日本でのLAムーブメントを牽引するセレクトショップ「Ron Herman(ロンハーマン)千駄ヶ谷」の真裏に、ストリート系のアパレルブランド「AlexanderLeeChang(アレキサンダーリーチャン)」が発信する、マルチ・コミュニケーションスペース「2【Ni】」(facebookはこちら)がある。「ロンハーマン」よりスケーターカルチャーらしい、自由な空気に溢れる同店がオープンしたのは今年1月。
運営は、デザイナーのアレキサンダー・リー・チャンさんが代表を務める「Chang Co., Ltd.」。ブランド初の路面旗艦店ともなる同店は、カフェ、アートボックス、ウォールギャラリー、ショップの4つのコンテンツで構成されている。

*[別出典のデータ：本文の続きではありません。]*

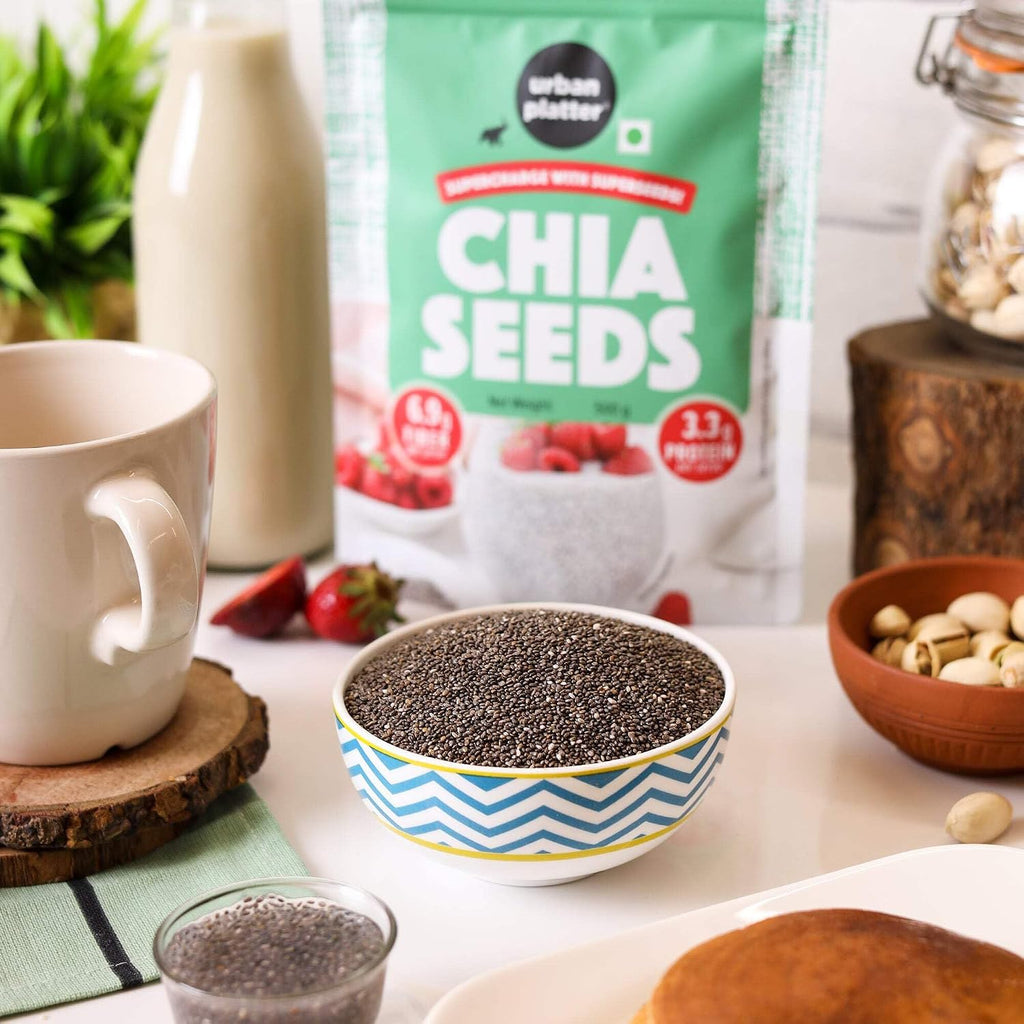 Urban Platter Black Chia Seeds, 500g (Rich in Omega-3, Fibre & Protein | Superfood)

「コンセプトは人と人が絡み合い、つながる場所。洋服だけでなく、食やライフスタイル、アート、音楽など沢山の異なるコンテンツが絡み合うようなスペースを作りたかった。同時に、自分が影響を受けてきたバックボーンを提示することで、ブランドの世界観を表現できれば」
と話すのは、店長でデザイナーのアレキサンダー・リー・チャンさん。04年にスタートした自身のブランドが安定したことに伴い、約2年前から出店を計画していたそうで、店名には”来てくれた(2人)が
そこで繋がり(=to)、 ニコニコと笑顔になれて、しかも(=too)何かを得られる場所”という多くの意味が込められているという。

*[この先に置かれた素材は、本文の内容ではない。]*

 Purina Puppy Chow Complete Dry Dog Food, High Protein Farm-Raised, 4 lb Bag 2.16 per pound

75年サンフランシスコ生まれのリー・チャンさんは、10代の頃から日本でプロスケーターとして活躍し、96年から7年間、国内のアパレルブランド「アクアブランチ」のディレクターを務めてきた。その後03年に独立し「Chang Co., Ltd.」を設立、04年SSより自身のブランド「アレキサンダーリーチャン」をスタートした。ファッションに携わる以前から、絵や立体物、グラフィックの制作をしていたそうで、06年のスワロフスキーのクリスマスアート展着物クチュールをはじめ、アート展やアパレルショップでのオブジェやインスタレーション、スケートの映像制作など、様々なアートワークの制作も精力的に行っている。

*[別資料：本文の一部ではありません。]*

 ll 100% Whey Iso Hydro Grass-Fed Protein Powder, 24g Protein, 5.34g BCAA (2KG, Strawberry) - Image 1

白を基調に木目を生かした約42平米の店内は、もともと事務所だったところを自分達で改装したもので、その時に出た木材や金物などの廃材も活用。新たな空間へと再生させた。もちろん、インテリアも全てが手作り。廃材による棚や家具、ジョウロやケトルを活用した照明など、DIY精神と遊び心溢れるクリエイティブな空間に仕上げている。屋内外には、「グリーンを育てるのが好き」というリー・チャンさん自身が育てるサボテンやアロエなどの多肉植物、ミントやローズマリーなどのハーブ、ドライフラワーなどが至るところに配されており、麻袋、廃材を使った手作りの花瓶や鉢など、ユニークなディスプレイも見物だ。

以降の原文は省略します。